[The Reason Why by Elinor Glyn]@TWC D-Link bookThe Reason Why CHAPTER XX 4/7
And any close observer who knew him would have seen that there was a change in his whole expression, since the same time the last week. The impossible disappointment of everything! What kind of a nature could his wife have, to be so absolutely mute and unresponsive as she had been? He felt glad he had not given her the chance to snub him again. These last days he had been able to keep to his determination, and at all events did not feel himself humiliated.
How long would it be before he should cease to care for her? He hoped to God--soon, because the strain of crushing his passionate desires was one which no man could stand long. The little, mutinous face, with its alluring, velvet, white skin, her slightly full lips, all curved and red, and tempting, and anything but cold in shape, and the extraordinary magnetic attraction of her whole personality, made her a most dangerous thing; and then his thoughts turned to the vision of her hair undone that he had had on that first evening at Dover.
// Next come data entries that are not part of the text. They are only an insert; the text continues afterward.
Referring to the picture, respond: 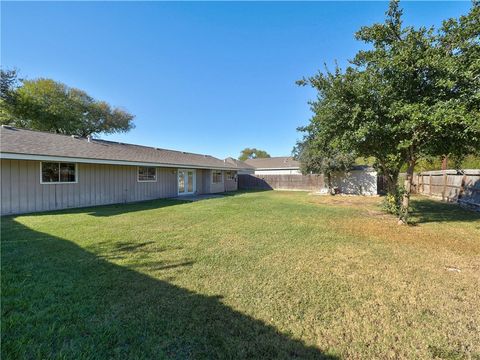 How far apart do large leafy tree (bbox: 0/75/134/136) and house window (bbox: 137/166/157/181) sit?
17.6m

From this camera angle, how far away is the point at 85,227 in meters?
6.96

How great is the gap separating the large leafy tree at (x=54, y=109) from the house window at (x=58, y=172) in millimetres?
18295

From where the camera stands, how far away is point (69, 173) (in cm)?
1087

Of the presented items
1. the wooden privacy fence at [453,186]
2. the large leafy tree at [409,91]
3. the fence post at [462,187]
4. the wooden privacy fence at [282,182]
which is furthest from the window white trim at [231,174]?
the fence post at [462,187]

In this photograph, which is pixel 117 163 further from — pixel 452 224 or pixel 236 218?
pixel 452 224

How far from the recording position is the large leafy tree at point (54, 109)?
74.3 feet

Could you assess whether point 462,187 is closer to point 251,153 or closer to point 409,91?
point 409,91

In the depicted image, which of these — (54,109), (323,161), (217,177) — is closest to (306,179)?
(323,161)

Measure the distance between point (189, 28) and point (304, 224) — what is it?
9868 mm

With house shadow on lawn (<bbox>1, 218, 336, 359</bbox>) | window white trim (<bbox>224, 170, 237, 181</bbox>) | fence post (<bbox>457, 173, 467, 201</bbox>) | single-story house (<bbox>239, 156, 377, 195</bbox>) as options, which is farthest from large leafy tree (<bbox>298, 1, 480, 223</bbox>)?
window white trim (<bbox>224, 170, 237, 181</bbox>)

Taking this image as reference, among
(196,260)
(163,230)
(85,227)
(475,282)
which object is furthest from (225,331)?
(85,227)

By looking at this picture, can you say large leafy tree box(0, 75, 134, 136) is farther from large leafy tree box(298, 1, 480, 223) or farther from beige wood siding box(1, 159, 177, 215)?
large leafy tree box(298, 1, 480, 223)

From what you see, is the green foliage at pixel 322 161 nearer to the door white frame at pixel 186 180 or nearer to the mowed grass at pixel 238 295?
the door white frame at pixel 186 180

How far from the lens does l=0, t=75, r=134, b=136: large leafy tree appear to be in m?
22.6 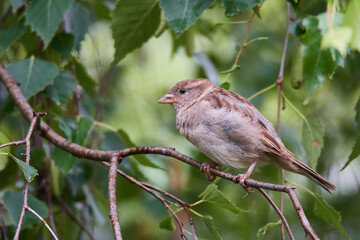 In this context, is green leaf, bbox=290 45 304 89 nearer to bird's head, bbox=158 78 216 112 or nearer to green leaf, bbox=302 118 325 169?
green leaf, bbox=302 118 325 169

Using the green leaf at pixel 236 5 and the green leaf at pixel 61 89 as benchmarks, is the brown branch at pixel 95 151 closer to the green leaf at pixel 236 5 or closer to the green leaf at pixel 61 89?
the green leaf at pixel 61 89

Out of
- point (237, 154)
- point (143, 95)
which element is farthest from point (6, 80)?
point (143, 95)

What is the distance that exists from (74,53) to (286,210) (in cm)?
224

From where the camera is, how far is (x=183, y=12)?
252 centimetres

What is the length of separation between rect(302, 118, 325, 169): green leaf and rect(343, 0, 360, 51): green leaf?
2.86 ft

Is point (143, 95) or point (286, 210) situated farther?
point (143, 95)

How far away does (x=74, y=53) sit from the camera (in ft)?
11.1

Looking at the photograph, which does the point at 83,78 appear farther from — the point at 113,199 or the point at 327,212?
the point at 327,212

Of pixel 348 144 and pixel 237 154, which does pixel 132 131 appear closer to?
pixel 348 144

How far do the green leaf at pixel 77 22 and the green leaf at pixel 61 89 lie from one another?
31 centimetres

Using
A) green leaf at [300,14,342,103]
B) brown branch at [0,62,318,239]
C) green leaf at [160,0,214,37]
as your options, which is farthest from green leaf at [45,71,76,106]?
green leaf at [300,14,342,103]

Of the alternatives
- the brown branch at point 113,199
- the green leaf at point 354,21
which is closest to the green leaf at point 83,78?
the brown branch at point 113,199

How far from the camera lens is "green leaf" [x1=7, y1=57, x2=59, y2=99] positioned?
9.70ft

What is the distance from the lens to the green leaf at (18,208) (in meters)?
2.77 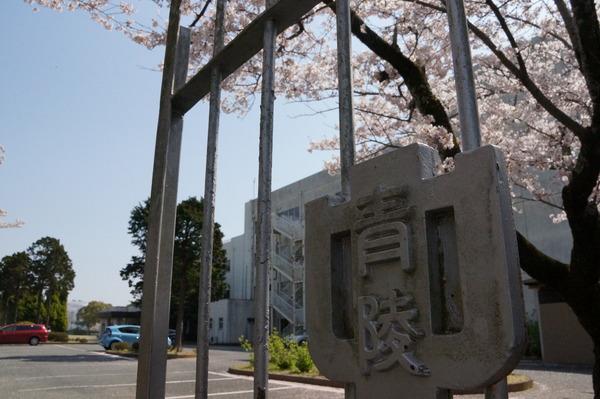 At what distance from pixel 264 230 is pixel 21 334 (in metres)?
32.2

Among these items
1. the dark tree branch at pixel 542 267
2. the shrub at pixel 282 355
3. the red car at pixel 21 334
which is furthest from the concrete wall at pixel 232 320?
the dark tree branch at pixel 542 267

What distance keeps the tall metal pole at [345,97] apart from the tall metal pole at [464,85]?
16.4 inches

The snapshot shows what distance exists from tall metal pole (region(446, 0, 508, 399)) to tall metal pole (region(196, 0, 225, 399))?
142 centimetres

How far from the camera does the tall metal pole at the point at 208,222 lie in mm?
2449

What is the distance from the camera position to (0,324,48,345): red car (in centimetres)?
2853

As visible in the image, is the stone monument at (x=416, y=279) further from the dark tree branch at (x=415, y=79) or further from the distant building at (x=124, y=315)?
the distant building at (x=124, y=315)

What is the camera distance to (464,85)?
1.61 m

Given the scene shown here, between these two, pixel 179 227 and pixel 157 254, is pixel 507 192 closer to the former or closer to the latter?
pixel 157 254

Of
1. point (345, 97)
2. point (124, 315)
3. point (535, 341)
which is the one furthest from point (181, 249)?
point (345, 97)

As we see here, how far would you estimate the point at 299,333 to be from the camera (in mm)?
25641

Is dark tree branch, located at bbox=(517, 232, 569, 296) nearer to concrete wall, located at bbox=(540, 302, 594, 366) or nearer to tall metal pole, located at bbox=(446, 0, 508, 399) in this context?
tall metal pole, located at bbox=(446, 0, 508, 399)

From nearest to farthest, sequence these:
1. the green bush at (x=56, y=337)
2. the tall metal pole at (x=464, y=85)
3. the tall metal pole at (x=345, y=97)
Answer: the tall metal pole at (x=464, y=85), the tall metal pole at (x=345, y=97), the green bush at (x=56, y=337)

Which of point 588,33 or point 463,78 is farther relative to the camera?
point 588,33

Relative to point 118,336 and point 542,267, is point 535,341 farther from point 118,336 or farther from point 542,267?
point 118,336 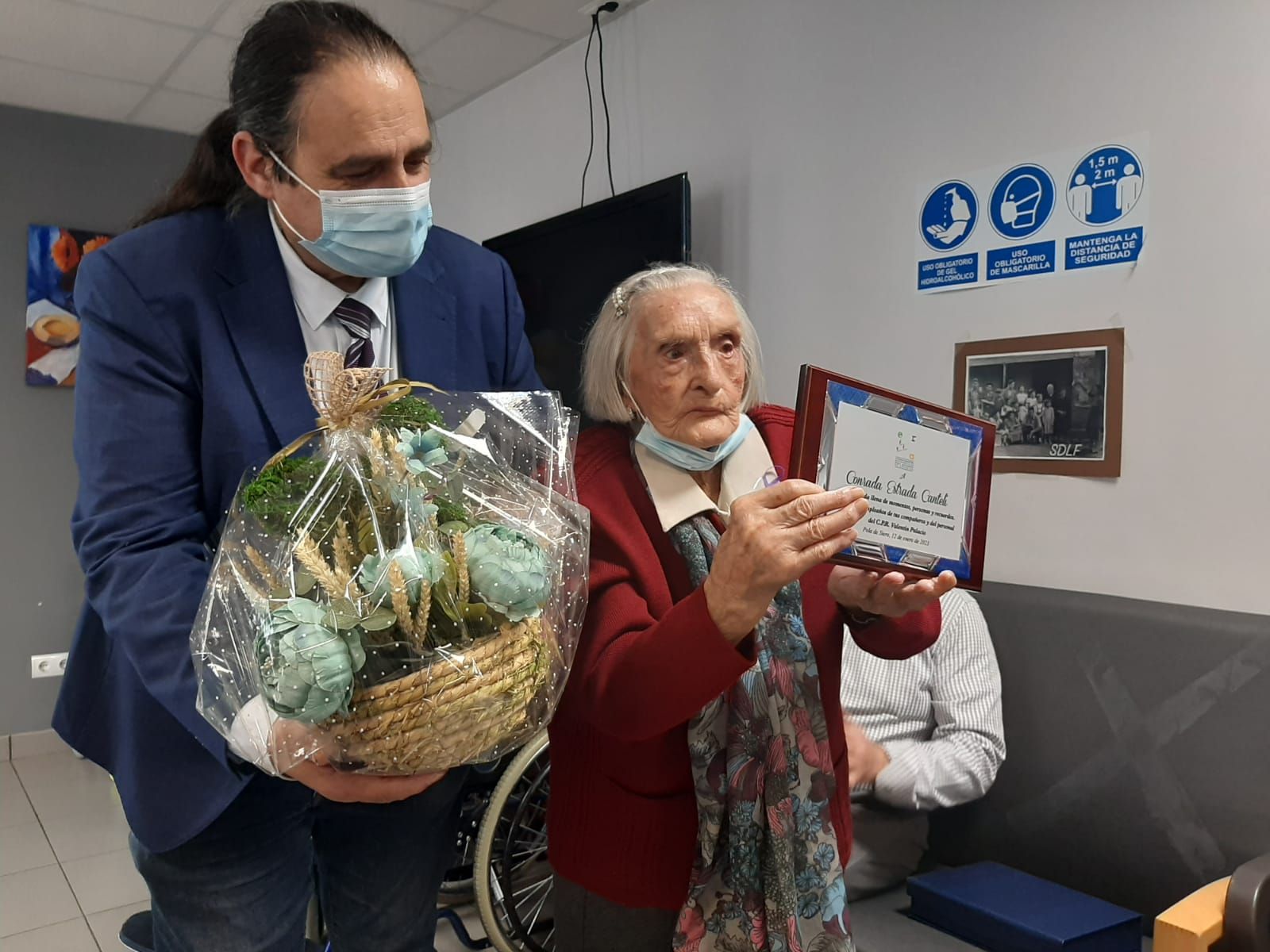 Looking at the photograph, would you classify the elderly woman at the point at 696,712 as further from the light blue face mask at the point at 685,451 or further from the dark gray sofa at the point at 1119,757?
the dark gray sofa at the point at 1119,757

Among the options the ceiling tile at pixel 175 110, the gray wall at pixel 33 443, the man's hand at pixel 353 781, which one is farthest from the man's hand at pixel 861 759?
the gray wall at pixel 33 443

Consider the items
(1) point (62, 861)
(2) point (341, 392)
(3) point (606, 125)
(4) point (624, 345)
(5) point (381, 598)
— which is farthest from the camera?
(3) point (606, 125)

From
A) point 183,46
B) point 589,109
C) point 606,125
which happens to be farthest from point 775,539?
point 183,46

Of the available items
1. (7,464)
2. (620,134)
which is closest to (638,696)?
(620,134)

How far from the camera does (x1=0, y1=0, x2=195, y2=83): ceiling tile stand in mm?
3359

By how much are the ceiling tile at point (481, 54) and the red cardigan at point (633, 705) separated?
2791mm

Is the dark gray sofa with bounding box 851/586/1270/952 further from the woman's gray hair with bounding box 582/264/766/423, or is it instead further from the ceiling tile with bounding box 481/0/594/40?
the ceiling tile with bounding box 481/0/594/40

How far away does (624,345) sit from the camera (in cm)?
134

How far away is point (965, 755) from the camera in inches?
74.1

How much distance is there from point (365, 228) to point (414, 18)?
279cm

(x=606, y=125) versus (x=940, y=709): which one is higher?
(x=606, y=125)

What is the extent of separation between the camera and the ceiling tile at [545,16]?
3.34m

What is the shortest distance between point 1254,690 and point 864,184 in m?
1.59

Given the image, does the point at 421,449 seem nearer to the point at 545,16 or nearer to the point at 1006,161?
the point at 1006,161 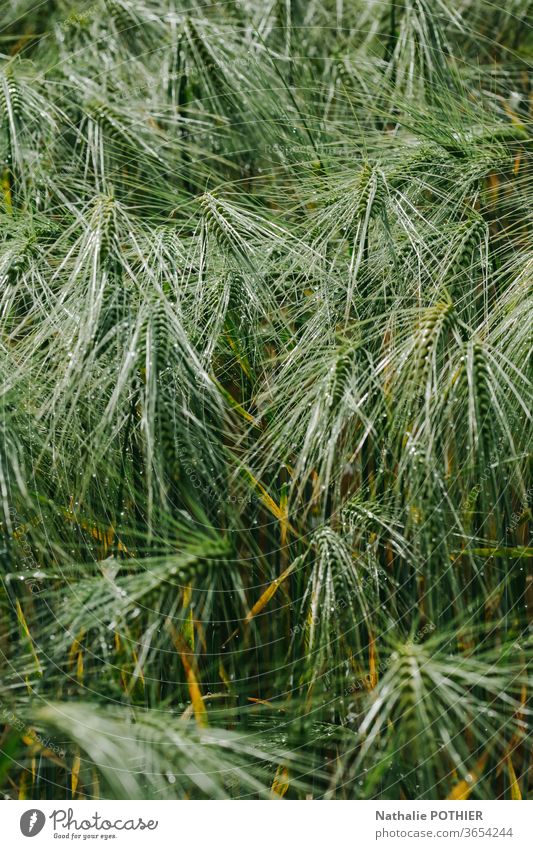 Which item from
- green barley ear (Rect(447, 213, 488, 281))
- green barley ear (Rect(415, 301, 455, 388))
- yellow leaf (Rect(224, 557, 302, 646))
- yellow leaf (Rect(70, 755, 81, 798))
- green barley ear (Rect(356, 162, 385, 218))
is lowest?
yellow leaf (Rect(70, 755, 81, 798))

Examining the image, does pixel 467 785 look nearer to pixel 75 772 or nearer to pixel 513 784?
pixel 513 784

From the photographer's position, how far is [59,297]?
65 centimetres

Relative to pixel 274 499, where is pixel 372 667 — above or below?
below

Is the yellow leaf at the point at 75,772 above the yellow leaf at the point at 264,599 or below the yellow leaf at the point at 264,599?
below

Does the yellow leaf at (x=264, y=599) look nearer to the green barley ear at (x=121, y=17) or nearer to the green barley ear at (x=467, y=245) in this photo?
the green barley ear at (x=467, y=245)

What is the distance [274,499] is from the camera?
2.09ft

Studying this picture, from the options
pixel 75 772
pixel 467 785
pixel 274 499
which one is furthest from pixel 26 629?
pixel 467 785

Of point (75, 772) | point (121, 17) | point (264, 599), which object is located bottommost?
point (75, 772)

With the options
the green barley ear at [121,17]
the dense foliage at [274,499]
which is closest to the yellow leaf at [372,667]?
the dense foliage at [274,499]

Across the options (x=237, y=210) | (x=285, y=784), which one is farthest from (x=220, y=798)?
(x=237, y=210)

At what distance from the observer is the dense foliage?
22.8 inches

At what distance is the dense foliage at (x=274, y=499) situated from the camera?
58cm

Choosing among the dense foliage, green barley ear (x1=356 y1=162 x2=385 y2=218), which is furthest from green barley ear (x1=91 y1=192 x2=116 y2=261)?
green barley ear (x1=356 y1=162 x2=385 y2=218)

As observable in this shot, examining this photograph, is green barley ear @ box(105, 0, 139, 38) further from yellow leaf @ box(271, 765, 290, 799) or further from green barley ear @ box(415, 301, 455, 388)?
yellow leaf @ box(271, 765, 290, 799) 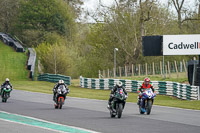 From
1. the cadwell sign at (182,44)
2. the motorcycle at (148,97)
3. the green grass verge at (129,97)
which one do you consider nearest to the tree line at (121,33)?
the green grass verge at (129,97)

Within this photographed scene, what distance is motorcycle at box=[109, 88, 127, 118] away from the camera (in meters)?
17.5

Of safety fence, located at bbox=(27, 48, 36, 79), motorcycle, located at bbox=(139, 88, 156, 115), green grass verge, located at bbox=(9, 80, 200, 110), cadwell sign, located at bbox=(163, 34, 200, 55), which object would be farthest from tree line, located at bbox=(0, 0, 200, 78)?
motorcycle, located at bbox=(139, 88, 156, 115)

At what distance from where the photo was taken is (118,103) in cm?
1766

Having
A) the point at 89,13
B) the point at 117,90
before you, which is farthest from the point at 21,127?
the point at 89,13

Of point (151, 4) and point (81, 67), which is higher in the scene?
point (151, 4)

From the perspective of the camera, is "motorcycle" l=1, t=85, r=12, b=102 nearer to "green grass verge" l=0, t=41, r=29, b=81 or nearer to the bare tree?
"green grass verge" l=0, t=41, r=29, b=81

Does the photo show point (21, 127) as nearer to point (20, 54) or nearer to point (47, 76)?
point (47, 76)

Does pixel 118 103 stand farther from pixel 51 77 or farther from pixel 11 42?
pixel 11 42

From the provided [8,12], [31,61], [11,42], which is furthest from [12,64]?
[8,12]

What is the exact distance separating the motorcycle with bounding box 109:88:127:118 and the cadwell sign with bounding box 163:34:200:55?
65.3 feet

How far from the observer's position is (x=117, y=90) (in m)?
17.8

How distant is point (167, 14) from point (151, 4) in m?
11.0

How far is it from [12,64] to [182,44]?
1474 inches

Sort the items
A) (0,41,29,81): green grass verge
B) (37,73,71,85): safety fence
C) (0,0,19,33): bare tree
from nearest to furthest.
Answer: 1. (37,73,71,85): safety fence
2. (0,41,29,81): green grass verge
3. (0,0,19,33): bare tree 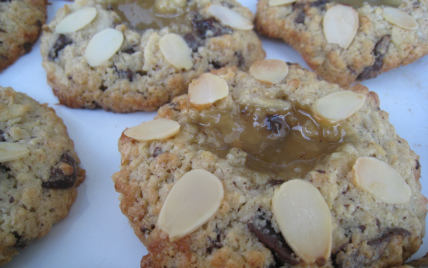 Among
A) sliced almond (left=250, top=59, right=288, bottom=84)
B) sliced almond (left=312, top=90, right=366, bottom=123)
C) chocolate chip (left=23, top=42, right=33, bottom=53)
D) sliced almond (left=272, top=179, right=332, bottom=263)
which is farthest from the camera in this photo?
chocolate chip (left=23, top=42, right=33, bottom=53)

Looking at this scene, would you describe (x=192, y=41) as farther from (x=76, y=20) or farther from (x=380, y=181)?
(x=380, y=181)

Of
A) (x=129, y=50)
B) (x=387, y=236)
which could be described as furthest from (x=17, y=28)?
(x=387, y=236)

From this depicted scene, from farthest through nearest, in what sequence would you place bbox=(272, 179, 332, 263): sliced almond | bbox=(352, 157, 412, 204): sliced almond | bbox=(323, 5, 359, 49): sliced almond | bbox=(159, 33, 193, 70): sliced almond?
bbox=(323, 5, 359, 49): sliced almond
bbox=(159, 33, 193, 70): sliced almond
bbox=(352, 157, 412, 204): sliced almond
bbox=(272, 179, 332, 263): sliced almond

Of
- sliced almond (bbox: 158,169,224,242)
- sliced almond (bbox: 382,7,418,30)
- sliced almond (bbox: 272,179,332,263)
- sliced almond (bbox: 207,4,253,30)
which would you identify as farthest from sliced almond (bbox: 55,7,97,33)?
sliced almond (bbox: 382,7,418,30)

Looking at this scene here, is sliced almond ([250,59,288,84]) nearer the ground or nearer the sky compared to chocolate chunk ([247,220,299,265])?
nearer the sky

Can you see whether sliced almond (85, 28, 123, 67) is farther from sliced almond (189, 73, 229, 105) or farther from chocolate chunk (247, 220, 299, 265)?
chocolate chunk (247, 220, 299, 265)

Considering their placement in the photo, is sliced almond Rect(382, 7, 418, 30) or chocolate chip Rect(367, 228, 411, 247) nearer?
chocolate chip Rect(367, 228, 411, 247)

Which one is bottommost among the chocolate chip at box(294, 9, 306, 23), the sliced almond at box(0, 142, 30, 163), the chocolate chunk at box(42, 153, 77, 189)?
the chocolate chunk at box(42, 153, 77, 189) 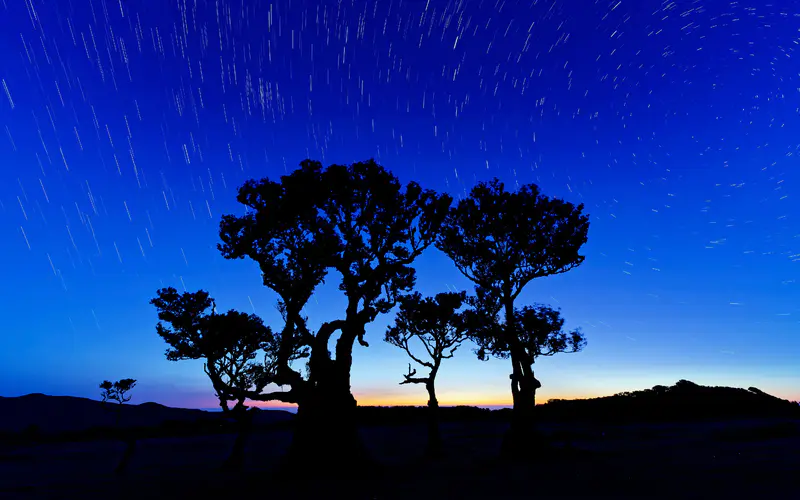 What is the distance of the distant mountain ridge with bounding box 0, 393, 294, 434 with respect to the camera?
127 meters

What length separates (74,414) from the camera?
138125 mm

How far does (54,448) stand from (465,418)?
59.8 meters

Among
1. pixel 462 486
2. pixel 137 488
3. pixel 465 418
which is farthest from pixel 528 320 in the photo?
pixel 465 418

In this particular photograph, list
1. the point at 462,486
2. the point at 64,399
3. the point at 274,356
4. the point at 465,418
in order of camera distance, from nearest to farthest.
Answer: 1. the point at 462,486
2. the point at 274,356
3. the point at 465,418
4. the point at 64,399

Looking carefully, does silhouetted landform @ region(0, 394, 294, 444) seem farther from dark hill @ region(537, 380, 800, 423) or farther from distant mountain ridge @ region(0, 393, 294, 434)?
dark hill @ region(537, 380, 800, 423)

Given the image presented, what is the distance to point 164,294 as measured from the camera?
3781 cm

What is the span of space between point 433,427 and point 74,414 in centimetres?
14281

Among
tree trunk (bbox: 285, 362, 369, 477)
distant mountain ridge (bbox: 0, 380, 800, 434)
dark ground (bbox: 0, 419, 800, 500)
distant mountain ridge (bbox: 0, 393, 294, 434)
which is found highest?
→ distant mountain ridge (bbox: 0, 393, 294, 434)

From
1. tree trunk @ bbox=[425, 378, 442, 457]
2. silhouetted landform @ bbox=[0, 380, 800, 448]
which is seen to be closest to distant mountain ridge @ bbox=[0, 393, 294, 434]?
silhouetted landform @ bbox=[0, 380, 800, 448]

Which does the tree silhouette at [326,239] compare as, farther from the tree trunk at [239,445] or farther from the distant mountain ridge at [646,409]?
the distant mountain ridge at [646,409]

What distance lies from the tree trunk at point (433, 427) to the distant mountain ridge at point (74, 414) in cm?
9490

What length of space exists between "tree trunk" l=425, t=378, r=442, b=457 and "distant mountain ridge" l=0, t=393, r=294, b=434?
94900 mm

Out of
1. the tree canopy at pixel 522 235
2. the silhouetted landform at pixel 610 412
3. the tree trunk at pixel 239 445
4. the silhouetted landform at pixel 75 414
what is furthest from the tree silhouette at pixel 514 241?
the silhouetted landform at pixel 75 414

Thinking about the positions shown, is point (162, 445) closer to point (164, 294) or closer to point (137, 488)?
point (164, 294) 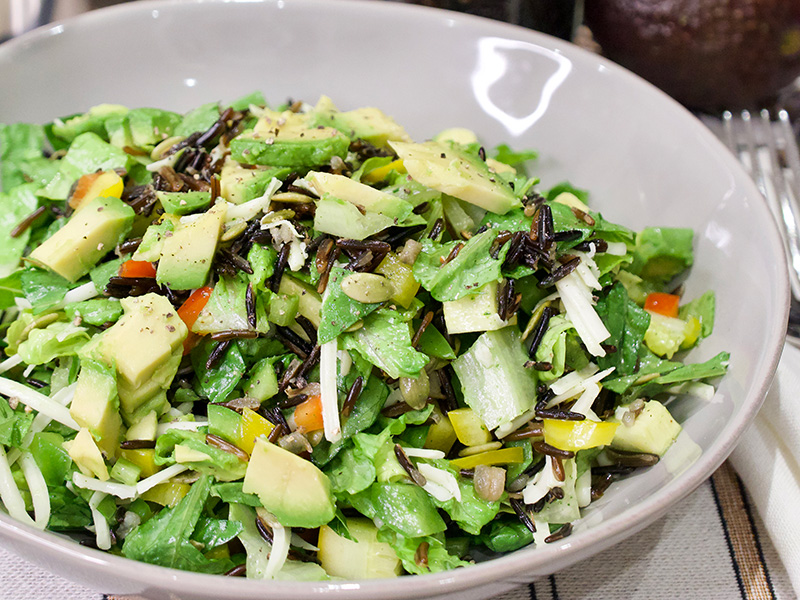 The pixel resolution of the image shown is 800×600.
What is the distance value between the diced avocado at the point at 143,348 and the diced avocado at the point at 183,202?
1.20 feet

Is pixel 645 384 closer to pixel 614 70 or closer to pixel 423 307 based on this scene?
pixel 423 307

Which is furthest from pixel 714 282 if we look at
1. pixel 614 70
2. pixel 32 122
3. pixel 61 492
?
pixel 32 122

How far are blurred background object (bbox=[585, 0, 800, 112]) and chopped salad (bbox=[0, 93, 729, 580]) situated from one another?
199 cm

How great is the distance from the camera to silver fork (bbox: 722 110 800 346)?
3201 millimetres

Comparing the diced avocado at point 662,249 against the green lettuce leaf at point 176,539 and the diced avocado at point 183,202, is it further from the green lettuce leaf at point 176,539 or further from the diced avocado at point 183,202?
the green lettuce leaf at point 176,539

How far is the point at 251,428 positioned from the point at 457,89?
6.95 ft

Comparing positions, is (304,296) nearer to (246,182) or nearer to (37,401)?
(246,182)

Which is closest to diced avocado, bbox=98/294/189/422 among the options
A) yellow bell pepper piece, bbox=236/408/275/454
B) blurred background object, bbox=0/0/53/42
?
yellow bell pepper piece, bbox=236/408/275/454

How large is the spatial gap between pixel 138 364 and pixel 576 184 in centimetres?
214

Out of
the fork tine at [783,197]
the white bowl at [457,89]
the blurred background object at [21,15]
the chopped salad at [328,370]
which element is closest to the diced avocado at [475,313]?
the chopped salad at [328,370]

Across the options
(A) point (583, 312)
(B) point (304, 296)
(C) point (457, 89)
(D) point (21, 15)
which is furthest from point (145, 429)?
(D) point (21, 15)

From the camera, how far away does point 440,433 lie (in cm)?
225

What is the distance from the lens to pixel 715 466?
1888 millimetres

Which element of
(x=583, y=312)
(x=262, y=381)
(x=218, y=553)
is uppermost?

He had said once to Francis Markrute, he remembered, that these great passions were "storybook stuff." Good God! Well, in those days he had not known. He thought, as he returned from his honeymoon this day, that he could not be more frightfully unhappy, but he was really only beginning the anguish of the churning of his soul--if he had known. And Zara sat in her armchair, and pretended to read; but when he glanced at her he saw that it was a farce and that her expressive eyes were again quite blank. And finally, after the uncomfortable hours, they arrived at Calais and went to the boat. Here Zara seemed to grow anxious again and on the alert, and, stepping forward, asked Higgins to inquire if there was a telegram for her, addressed to the ship.
But there was not, and she subsided once more quietly and sat in their cabin. Tristram did not even attempt to play the part of the returning bridegroom beyond the ordinary seeing to her comfort about which he had never failed; he left her immediately and remained for all the voyage on deck. And when they reached Dover Zara's expectancy showed again, but it was not until they were just leaving the station that a telegram was thrust through the window and he took it from the boy, while he could not help noticing the foreign form of address.
And a certainty grew in his brain that it was "that same cursed man!" He watched her face as she read it, and noticed the look of relief as, quite unconscious of his presence, his bride absently spread the paper out.